Slowly she formed the words with her eyes still closed. “Horse and carriage stolen. Shooting on the wharf. Soldiers gone. Hid under he wharf. Walked back. So sorry. So sorry.”
Doctor Purcell wiped as tears came at the corners of her eyes. “You’re safe now. Rest. We’ll take care of everything.”
She swallowed and roused and her eyes opened for a moment. “You have to write. Get paper. You have to write a letter.”
“It can wait.”
She stirred and tried to raise on one elbow and fell back. “No. Let me have a paper. Got to send a letter. Can’t wait.”
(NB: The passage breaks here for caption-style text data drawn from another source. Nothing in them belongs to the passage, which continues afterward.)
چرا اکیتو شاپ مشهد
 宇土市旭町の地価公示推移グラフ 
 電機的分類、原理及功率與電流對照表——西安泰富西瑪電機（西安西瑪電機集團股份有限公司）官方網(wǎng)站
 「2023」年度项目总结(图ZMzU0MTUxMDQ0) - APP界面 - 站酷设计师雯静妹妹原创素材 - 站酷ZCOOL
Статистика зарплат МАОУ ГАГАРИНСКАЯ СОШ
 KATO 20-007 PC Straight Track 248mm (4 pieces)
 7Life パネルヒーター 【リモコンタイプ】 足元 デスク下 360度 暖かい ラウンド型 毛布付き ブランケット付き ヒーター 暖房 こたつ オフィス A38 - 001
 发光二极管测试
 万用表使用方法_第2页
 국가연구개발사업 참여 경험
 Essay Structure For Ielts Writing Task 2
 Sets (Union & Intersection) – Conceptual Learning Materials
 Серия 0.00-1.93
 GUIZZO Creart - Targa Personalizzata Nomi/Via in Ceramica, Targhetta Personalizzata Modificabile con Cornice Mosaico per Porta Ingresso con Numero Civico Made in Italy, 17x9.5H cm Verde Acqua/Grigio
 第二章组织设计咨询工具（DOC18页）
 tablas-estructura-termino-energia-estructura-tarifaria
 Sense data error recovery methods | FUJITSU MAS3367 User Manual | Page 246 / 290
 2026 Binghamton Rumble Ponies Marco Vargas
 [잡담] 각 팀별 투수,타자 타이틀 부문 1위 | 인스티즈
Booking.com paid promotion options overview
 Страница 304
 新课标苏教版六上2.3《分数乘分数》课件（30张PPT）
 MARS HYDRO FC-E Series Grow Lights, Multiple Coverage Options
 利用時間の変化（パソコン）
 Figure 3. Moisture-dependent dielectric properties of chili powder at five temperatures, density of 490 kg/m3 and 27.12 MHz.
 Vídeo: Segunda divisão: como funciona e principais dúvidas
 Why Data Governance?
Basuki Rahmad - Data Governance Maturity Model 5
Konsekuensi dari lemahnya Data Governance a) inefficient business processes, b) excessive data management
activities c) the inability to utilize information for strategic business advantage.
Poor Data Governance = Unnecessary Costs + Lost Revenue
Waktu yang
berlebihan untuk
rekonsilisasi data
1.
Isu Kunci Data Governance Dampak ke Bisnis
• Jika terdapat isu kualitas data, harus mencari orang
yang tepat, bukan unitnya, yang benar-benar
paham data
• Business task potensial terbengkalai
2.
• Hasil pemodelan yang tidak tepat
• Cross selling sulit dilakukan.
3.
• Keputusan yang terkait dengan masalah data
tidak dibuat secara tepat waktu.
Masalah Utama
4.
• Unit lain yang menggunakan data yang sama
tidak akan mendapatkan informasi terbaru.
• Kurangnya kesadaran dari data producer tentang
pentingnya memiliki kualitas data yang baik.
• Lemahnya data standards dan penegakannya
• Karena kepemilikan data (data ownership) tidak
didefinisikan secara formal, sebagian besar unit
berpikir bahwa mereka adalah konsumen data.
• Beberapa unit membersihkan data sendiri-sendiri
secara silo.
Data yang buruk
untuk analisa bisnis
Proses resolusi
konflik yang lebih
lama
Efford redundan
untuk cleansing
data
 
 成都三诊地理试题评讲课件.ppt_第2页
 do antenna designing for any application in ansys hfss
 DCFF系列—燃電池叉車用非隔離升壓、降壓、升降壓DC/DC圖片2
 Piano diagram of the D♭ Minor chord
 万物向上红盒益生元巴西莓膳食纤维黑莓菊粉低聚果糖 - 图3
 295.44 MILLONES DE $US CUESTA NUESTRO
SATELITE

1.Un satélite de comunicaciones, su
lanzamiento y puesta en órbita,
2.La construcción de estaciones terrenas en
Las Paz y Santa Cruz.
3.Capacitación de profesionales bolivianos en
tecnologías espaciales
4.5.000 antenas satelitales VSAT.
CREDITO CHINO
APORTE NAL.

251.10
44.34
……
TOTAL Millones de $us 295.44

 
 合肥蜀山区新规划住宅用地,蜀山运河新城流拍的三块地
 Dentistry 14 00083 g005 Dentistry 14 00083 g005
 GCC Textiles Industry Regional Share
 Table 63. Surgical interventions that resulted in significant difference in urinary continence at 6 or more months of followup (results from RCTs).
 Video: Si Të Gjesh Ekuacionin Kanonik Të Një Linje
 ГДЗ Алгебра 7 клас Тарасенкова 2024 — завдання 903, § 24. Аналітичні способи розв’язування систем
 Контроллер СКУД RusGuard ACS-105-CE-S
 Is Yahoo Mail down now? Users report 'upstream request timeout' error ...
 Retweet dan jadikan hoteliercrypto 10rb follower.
Quickly the doctor stepped to his desk and returned with a pencil and paper. “Go ahead.”
With her eyes closed, fighting against unconsciousness, she began: “To Eli Stroud. Boston Regiment. With General Washington. Your sister was given to a reverend named Cyrus Fielding of New Hampshire. Cyrus Fielding.”
She swallowed and for a moment her eyes opened and she looked into Doctor Purcell’s face. “Did you write it?”
“Yes. Eli Stroud. Cyrus Fielding.”
“Send it today?”
“I will.”
She closed her eyes and her face settled as she yielded to the unutterable fatigue that reached to draw her into the warm blackness.
Notes
The northwest quarter of New York City was burned in a tremendous fire just after midnight on September 21, 1776 (see Johnston, The Campaign of 1776, part 2, pp. 118-19). The destruction was severe and eventually the district became known as “Canvas Town.” People still lived there, though in hovels patched together from the burned wreckage. Many people of dark and evil designs—soldiers and roving bands—roamed New York City, entering homes, churches, and schools, including the King’s College, pillaging and stealing whatever they desired, then selling the plunder on the open market. Some churches and other large buildings were converted to hospitals for the wounded (see Ketchum, The Winter Soldiers, pp. 179-80).
For additional history on the New York City fire see Leckie, George Washington’s War, pp. 281-82.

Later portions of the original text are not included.